Auditory representations currently supported are mel-frequency cepstrum
coefficients (MFCCs) and amplitude envelopes.
Distance metrics currently implemented are dynamic time warping and
cross-correlation.
Installation
==================
The latest released version can be installed via:
`pip install conch_sounds`
Higher level wrappers
==================
In `conch/main.py` there are several wrapper functions for convenience.
Each of these functions takes keyword arguments corresponding to how auditory
representations should be constructed and what distance function to use.
**acoustic_similarity_mapping** takes a mapping of paths as its argument.
This argument should be a list of pairs or triplets of fully specified file names.

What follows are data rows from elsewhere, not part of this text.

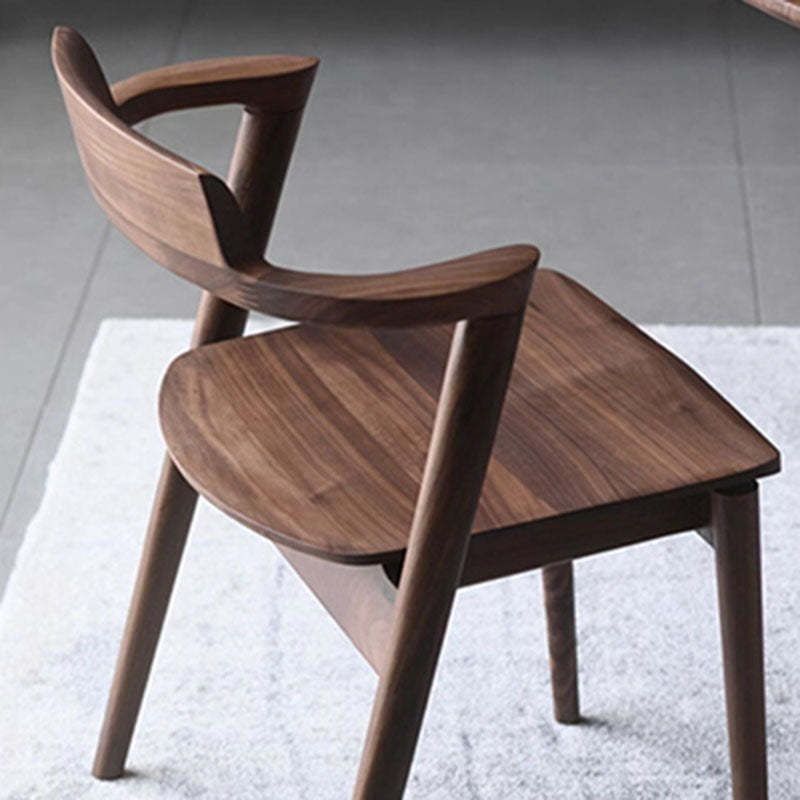 Traditional Chinese Walnut Curved Dining Chair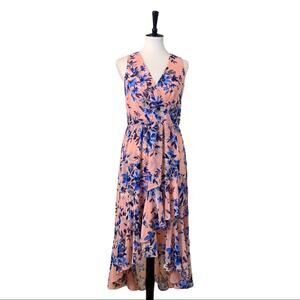 Eliza J Pink Blue Floral Hi Low Flowy Wrap Maxi Dress Sleeveless Women's Size 10
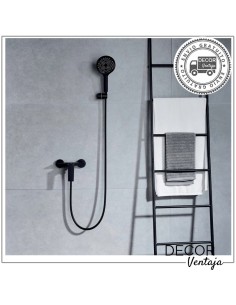 Grifo monomando de ducha. Modelo Malibú Negro mate. 2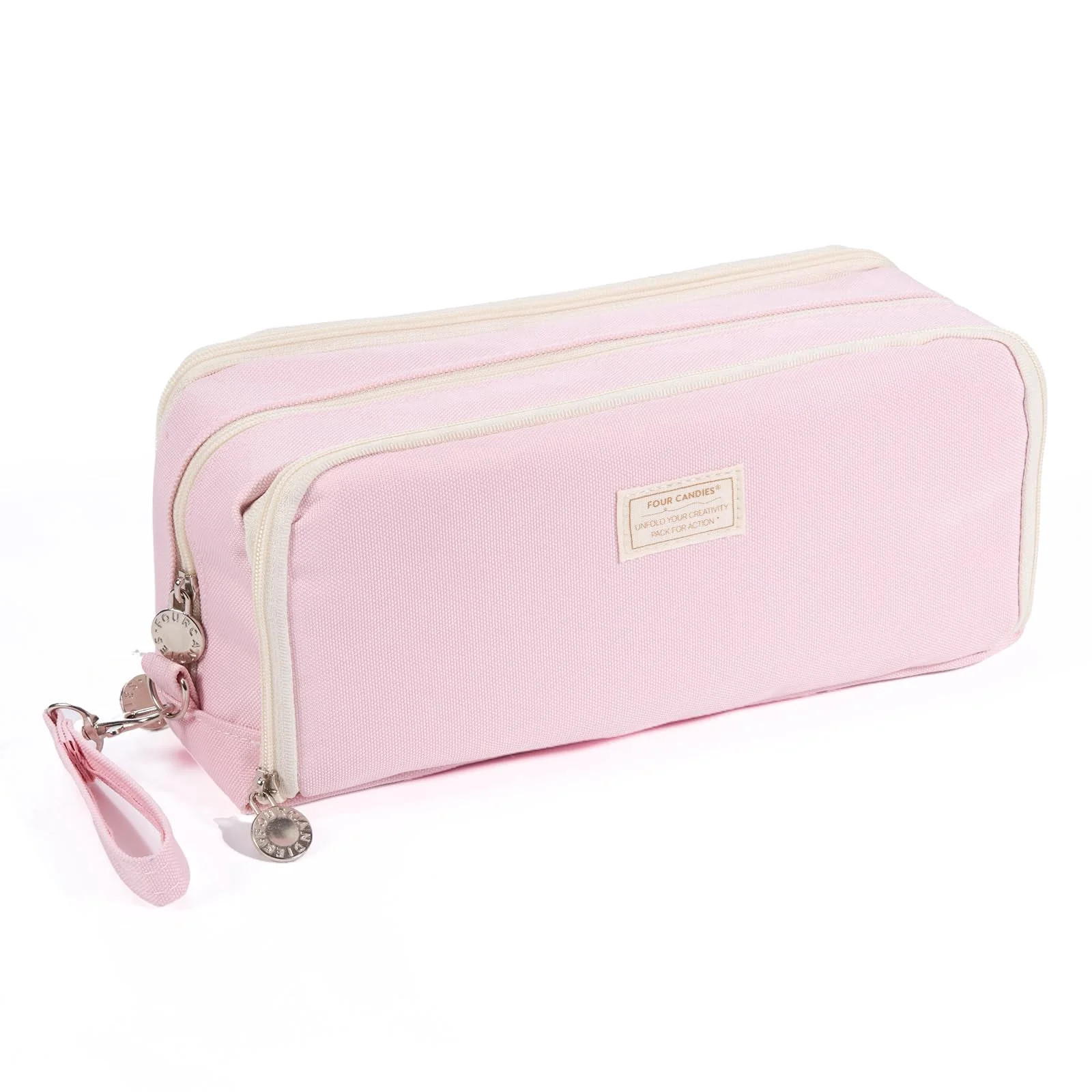 Canvas Pencil Cases with Removable Handle, Pink, 1 Count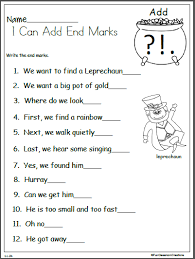 St Patrick S Day Punctuation Practice Madebyteachers Punctuation Worksheets March Kindergarten Kindergarten Reading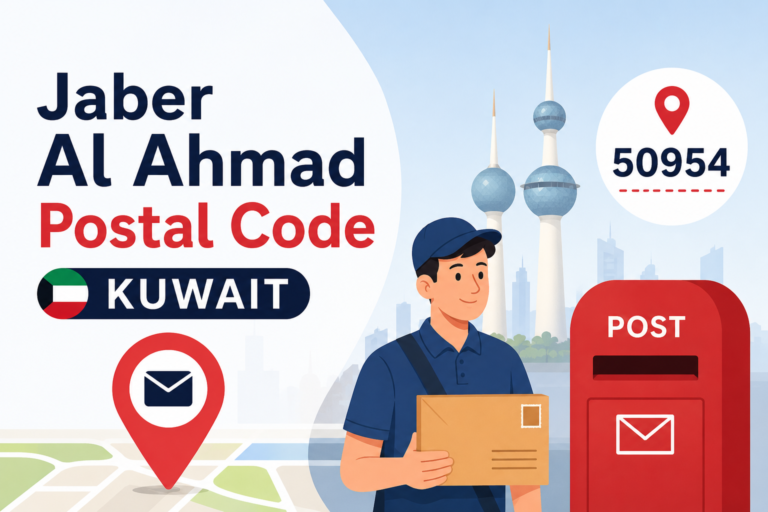 Jaber Al Ahmad Postal Code Kuwait feature image showing an animated postal worker holding a parcel, a mailbox, Kuwait Towers, and the Jaber Al Ahmad postal code location marker.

Pairs will compute the distance between the two files, and triplets will compute
an AXB style design, where distances are computed between the first element and the second and
between the third element and the second. In this case, the numerical output
will be a ratio of the third element's distance to the second divided by the
first element's distance to the second. The return value is a dictionary
with the pairs/triplets as keys, and the numerical output as the values.
**acoustic_similarity_directories** takes two arguments which are fully specified paths
to two directories. It then constructs a path mapping of all the files in
the first directory to all the files in the second directory. The return
value is a single value, which the average distance of all those calculated.
**analyze_directory** takes a single directory as an argument and creates a
path mapping of all the files compared to all other files. The return value is a dictionary
with the file pairs as keys, and the numerical output as the values.